In response to your Consultation Paper of September 2005, we are submitting our analysis to the Department of Finance. We are focusing our comments on a few key topics for which we believe we can add value:
- Benefits to productivity
- Retail investor dependency on income trust distributions
- Professional portfolio management perspective.
Please find attached a paper addressing these items, and do not hesitate to contact us if you require further input or clarification on the issues we have highlighted.
Acuity Investment Management Inc.
Ian O. Ihnatowycz
President and Chief Executive Officer
cc Rt. Hon. Paul Martin, Prime Minister
Hon. David Emerson, Industry Minister
Mr. Mark Carney, Assistant Deputy Minister of Finance
Mr. Borys Wzresnewsky, M.P. Etobicoke Centre
Mr. Will Adams, Assistant to The Hon. Ralph Goodale
The recent announcements from the Finance Ministry have caused instability in the income trust asset class. This uncertainty has had real economic repercussions over and above the impact on the capital markets. Due to a marked decline in investor appetite for trusts caused by fear of potentially adverse Finance Ministry actions, access to capital has virtually ground to a halt. This situation is affecting the strategic actions of many trusts, effectively causing them to freeze such decisions pending the outcome of this review.
While there are a broad range of issues with respect to integrating the taxation of various legal entities and foreign jurisdictions, we have focused our comments on a few key topics. These issues include productivity, the benefits of distributions to taxpayers and the economy, and the portfolio management benefits to investors of income trusts.
Benefits to Productivity
Access to capital through trust structure critical for many small and medium sized companies
The importance of the trust asset class to the capital markets cannot be overstated. Virtually 80 percent (177 of 223) of income trusts are small to mid sized businesses with capitalizations of under $1 billion. Almost half (105 of 223) have capitalizations of under $250 million. Access to capital for many of these businesses would be prohibitively expensive if not for the trust structure. Bank debt and other forms of lending are often severely curtailed or simply unavailable to businesses of this size, while equity issuance must frequently be done, if at all, at materially discounted valuations compared to established public or foreign comparables. In the past, this lack of liquidity put many Canadian businesses at a disadvantage, and likely contributed to sub-par productivity.

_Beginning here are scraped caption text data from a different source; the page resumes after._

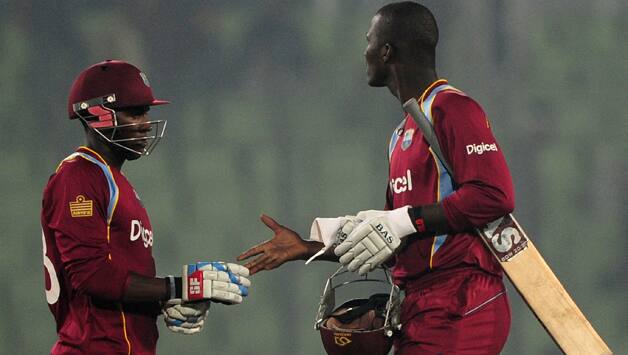 Darren Sammy's fifty pushes West Indies to 211
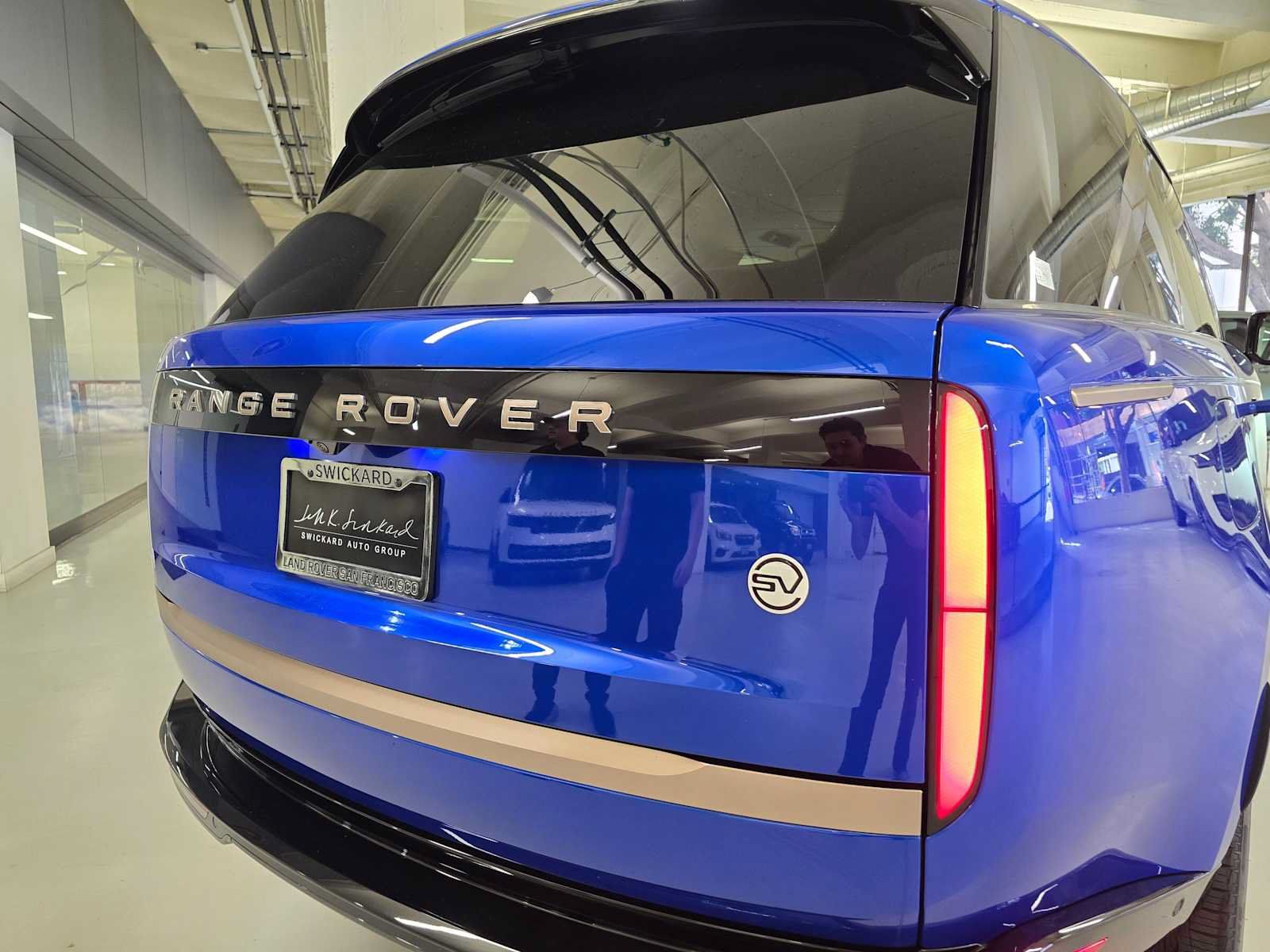 New 2025 Land Rover Range Rover SV AWD/4WD image 15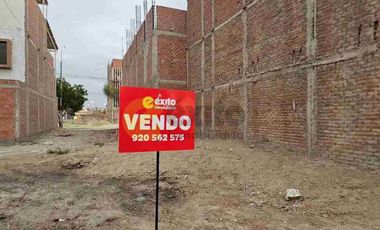 VENDO TERRENO EN OCASIÓN EN LAS CASUARINAS - LOS PORTALES
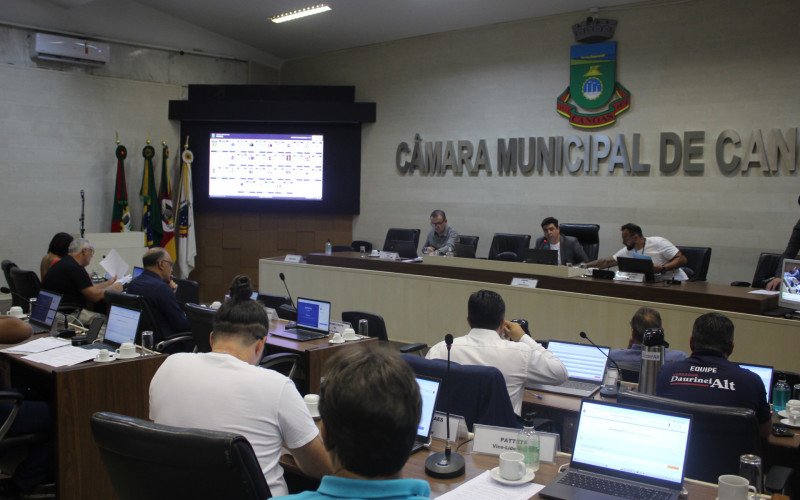 Câmara Municipal de Canoas realiza sessão extraordinária nesta quarta-feira (7) | abc+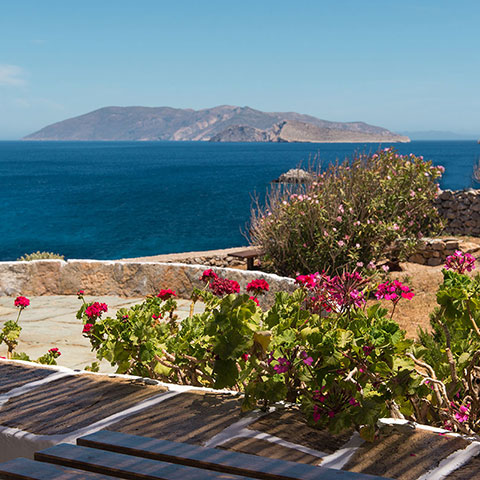 Θέα στη θάλασσα από τα στούντιο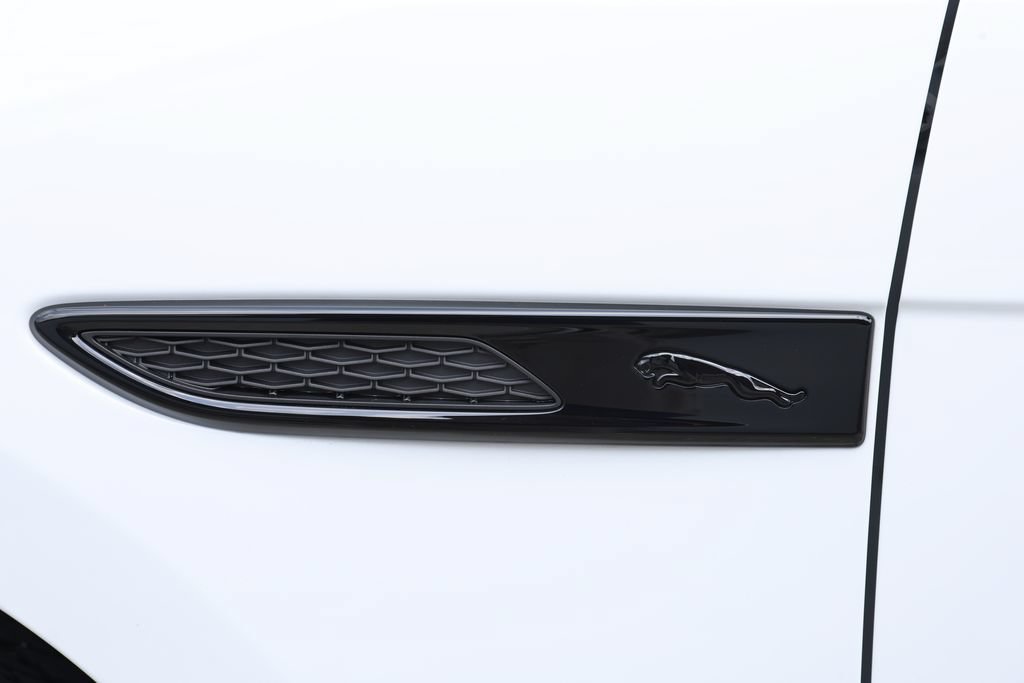 Certified 2026 Jaguar F-PACE R-Dynamic S AWD/4WD image 7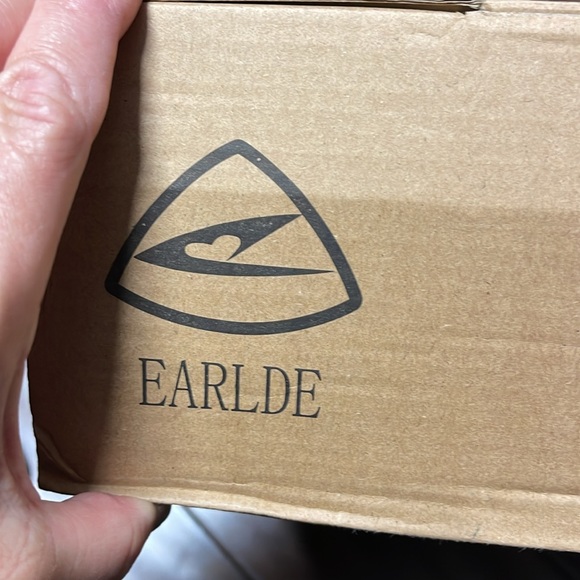 Earlde women snow boots 8 wide - Picture 9 of 11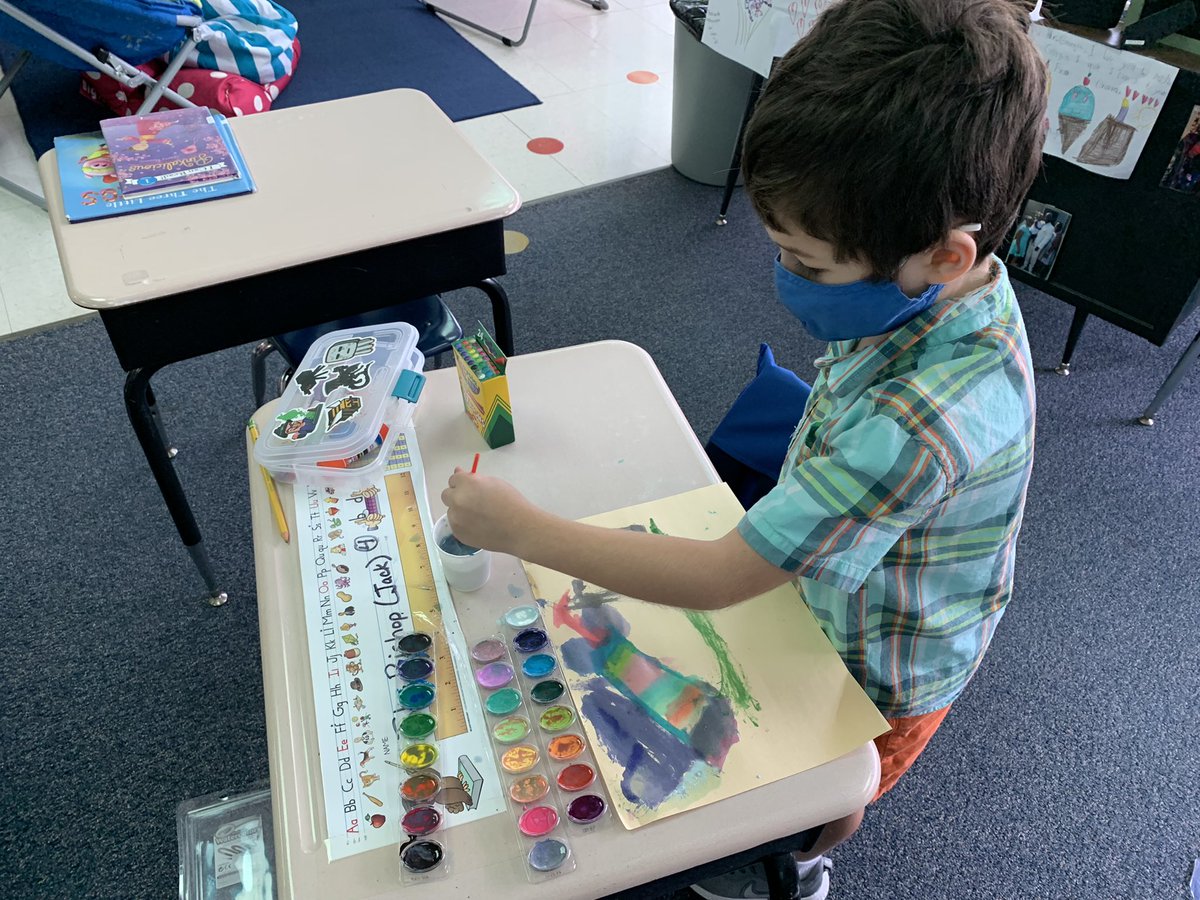 ncmom2004's tweet photo. Fun Friday @YESjrjags Math+literature+Art. Read Mouse Count and painted the greedy snake. #funinfirst #kumpskids https://t.co/T6lxkMOnzJ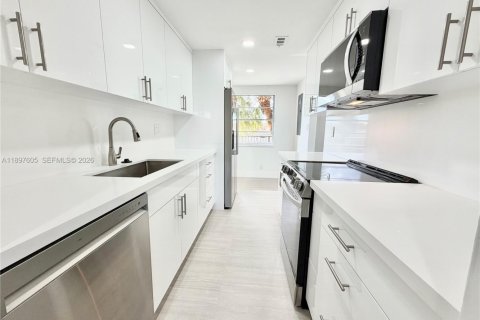 Copropriété à vendre à Lauderdale Lakes, Floride: 2 chambres, 93.09 m2 № 2023706 - photo 6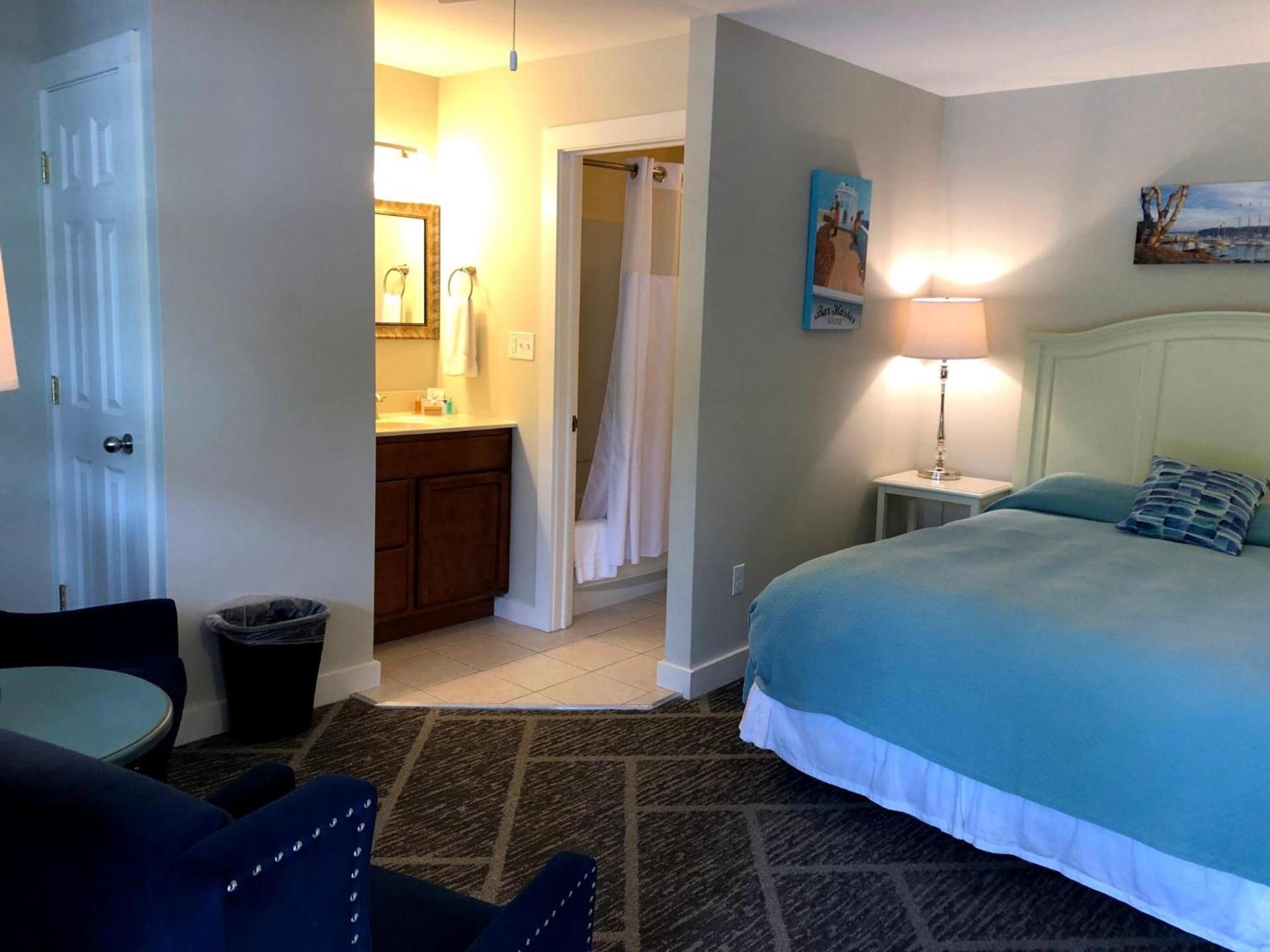 Island Place photo 16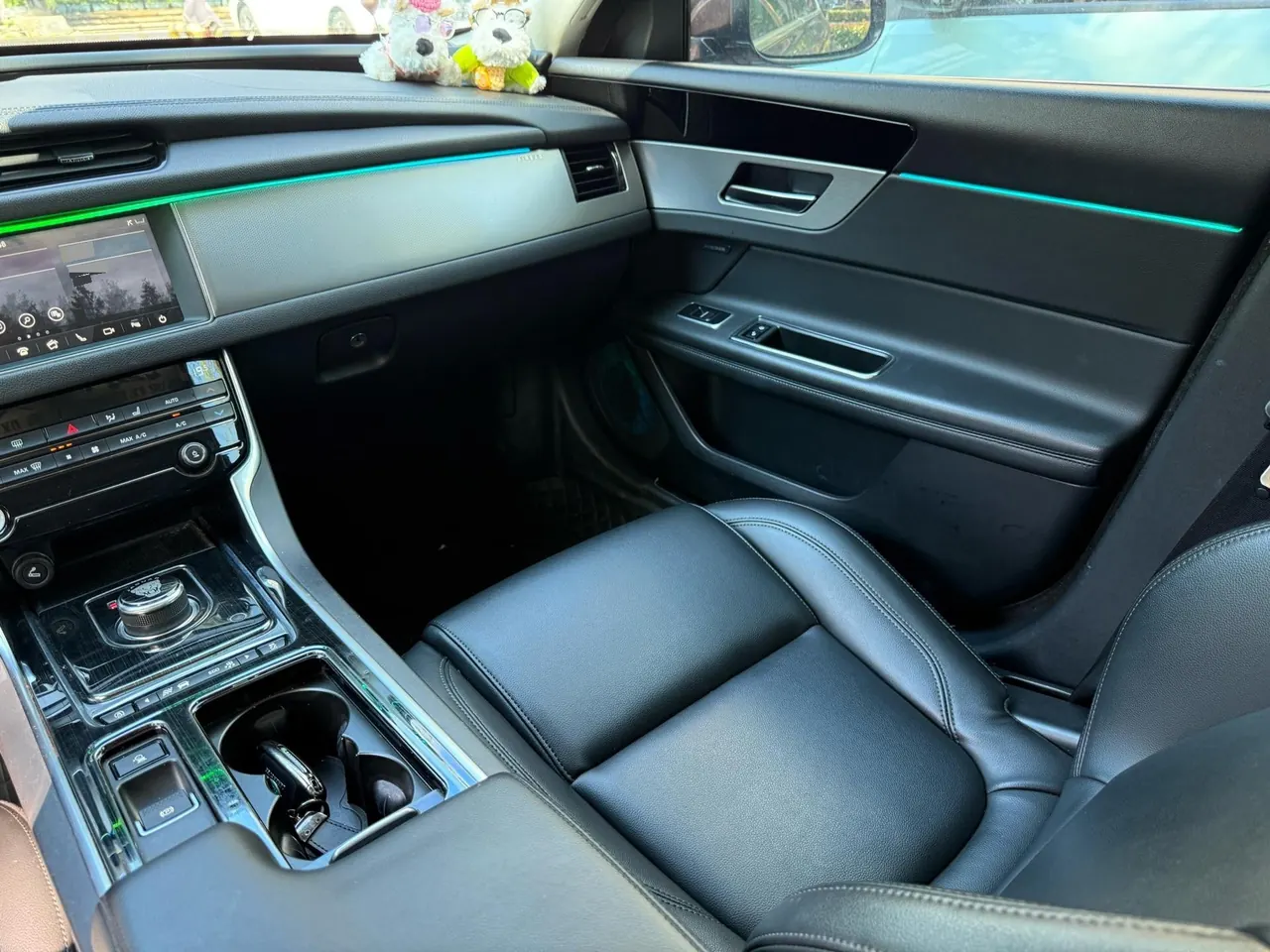 Jaguar 2020 XFL 2.0T P 10000.00g Drive Elite Automatic Gear 6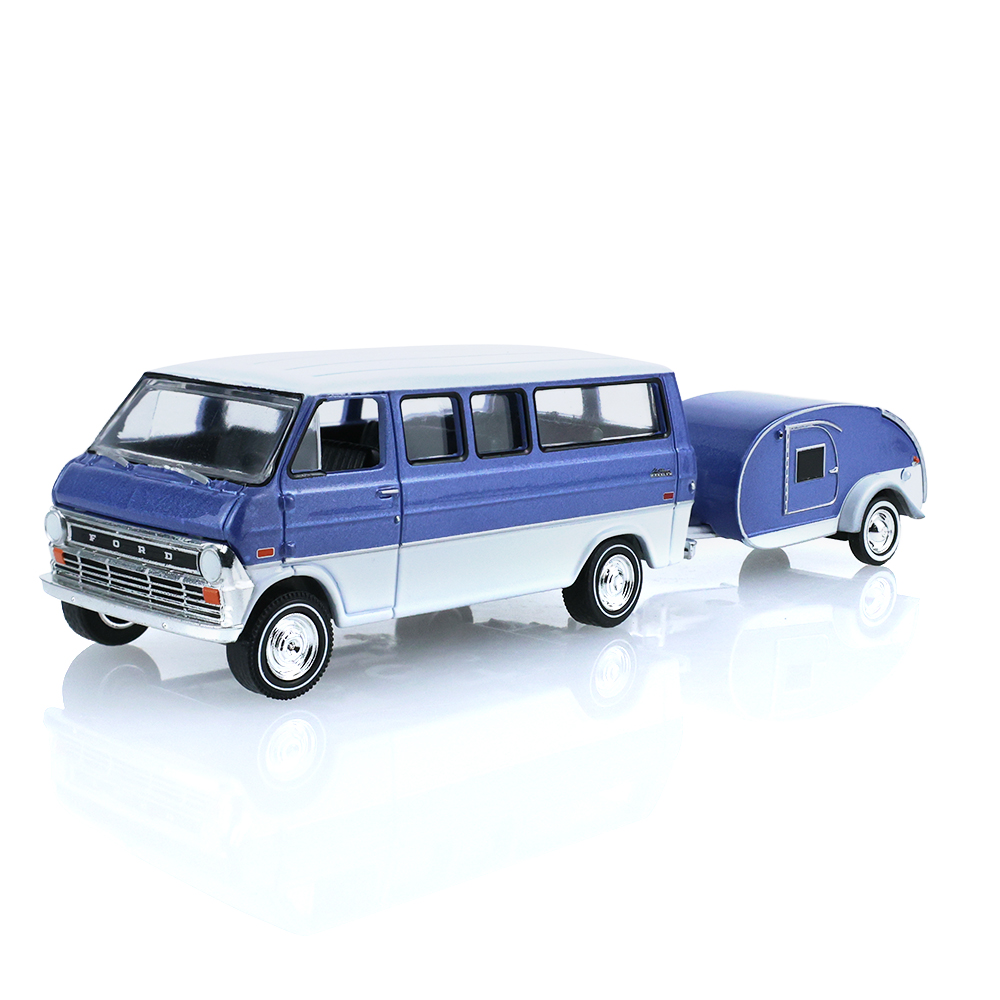 1974 年福特俱乐部旅行车  中蓝色，带泪滴形拖车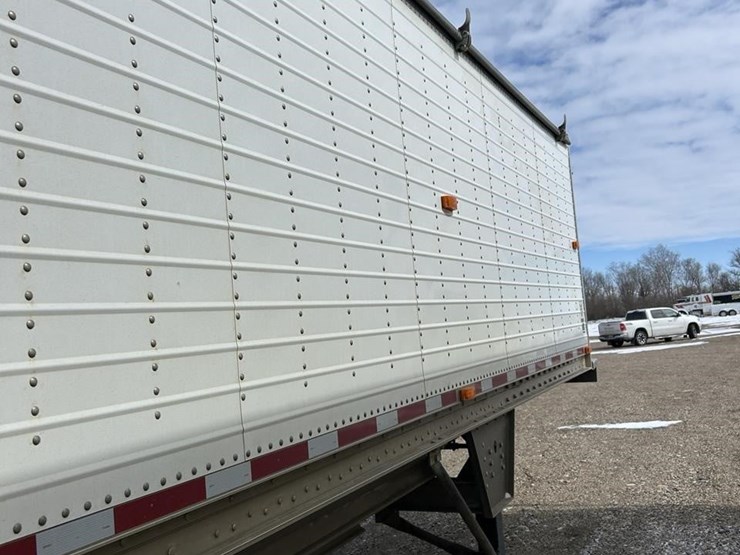 2009-wilson-grain-trailer-image-6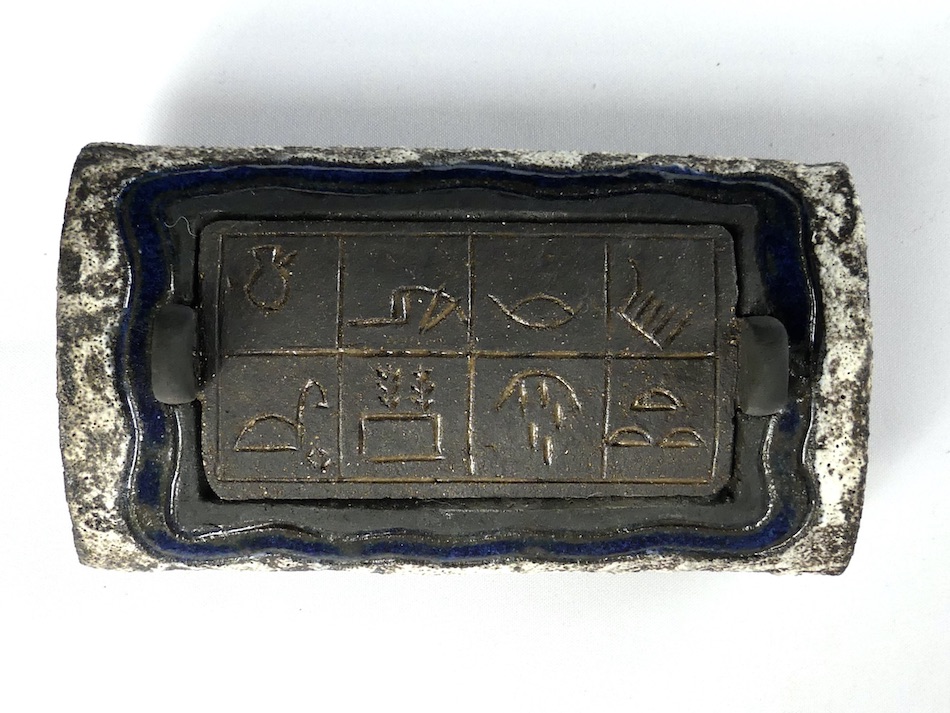Céramique écritures anciennes "Pictogramme Bleu"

The trust structure, however, has generally eliminated this handicap by providing easier access to capital at more attractive valuations, and contributed untold benefits to the Canadian economy. In fact, since 2001, 141 of 704 initial public offerings on the Toronto Stock Exchange (20%) have utilized the trust structure. Trusts, which represent a broad cross-section of small and medium sized corporate Canada, are now a vibrant and growing sector of the capital markets and economy. As of Oct. 31, the 223 income trusts listed on the TSX had an aggregate net worth of $158 billion (almost 10% of the market capitalization of the TSX), generated approximately $15 billion of annualized distributions and employed on the order of 250,000 workers. This employee base represents approximately 1.5% of the total Canadian work force of 16.3 million people, and almost 2% of the private sector work force of 13.3 million people. Any materially adverse adjustment to the status of income trusts would significantly curtail economic activity and potentially stall employment growth.
Long term benefits
The owners of many small, mature, cash cow businesses, as well as divisions of large public corporations, have often been reluctant to sell their businesses and trigger substantial tax liabilities. They have often extracted value from the business and avoided taxation by periodically borrowing against the firm's assets and cash flows, and then using the cash flows to pay down this debt before repeating the cycle. This approach produced few productivity benefits to society.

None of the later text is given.